I’ve seen alot in the startup game. I’ve seen the good, bad, crazy, and over the top styles of many Silicon Valley companies. I have lots of thoughts about the role of the founders and their impact for setting the tone when it comes to organizing people around one common goal. In Ben Horowitz's book he talks about programming culture. I believe that an early win for building great culture is transparency.
Transparency for each company is different. If you’re Buffer the culture is set around transparency as key to building a successful company. If you’re Apple it’s not so transparent. At Formation we get fairly uncomfortable, but don’t take it as far as Buffer.
The first assumption about transparency I make at FDS is that everyone is an adult. We expect that people can handle good news and bad. The team needs to have the ability to ask uncomfortable questions - however I expect them to be able to handle answers that may not be “scrubbed”. We tend to give people the straight dope and expect them to do the same.
The second assumption about transparency that we make as a team is accountability. Every day we do a standup as a team and talk about what we’re working on and what we need help with.
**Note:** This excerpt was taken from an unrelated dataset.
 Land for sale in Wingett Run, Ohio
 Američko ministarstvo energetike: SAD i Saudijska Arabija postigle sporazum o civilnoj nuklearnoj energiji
Each member of the team reports progress of what they did the day prior and what they expect to get done that day. This is one area of accountability that gives everyone a sense of where we are as a team.
The third assumption that I make about transparency is we expect people to be honest with themselves. It’s not always easy to look yourself in the mirror and admit that you’re stuck. At FDS the culture is about helping teammates when they are stuck or need help. We think that always being the smartest person in the room on everything probably means you’re not.
There are many ways people and companies can be transparent and at times it’s uncomfortable, but standing up and celebrating success and failure is part of FDS.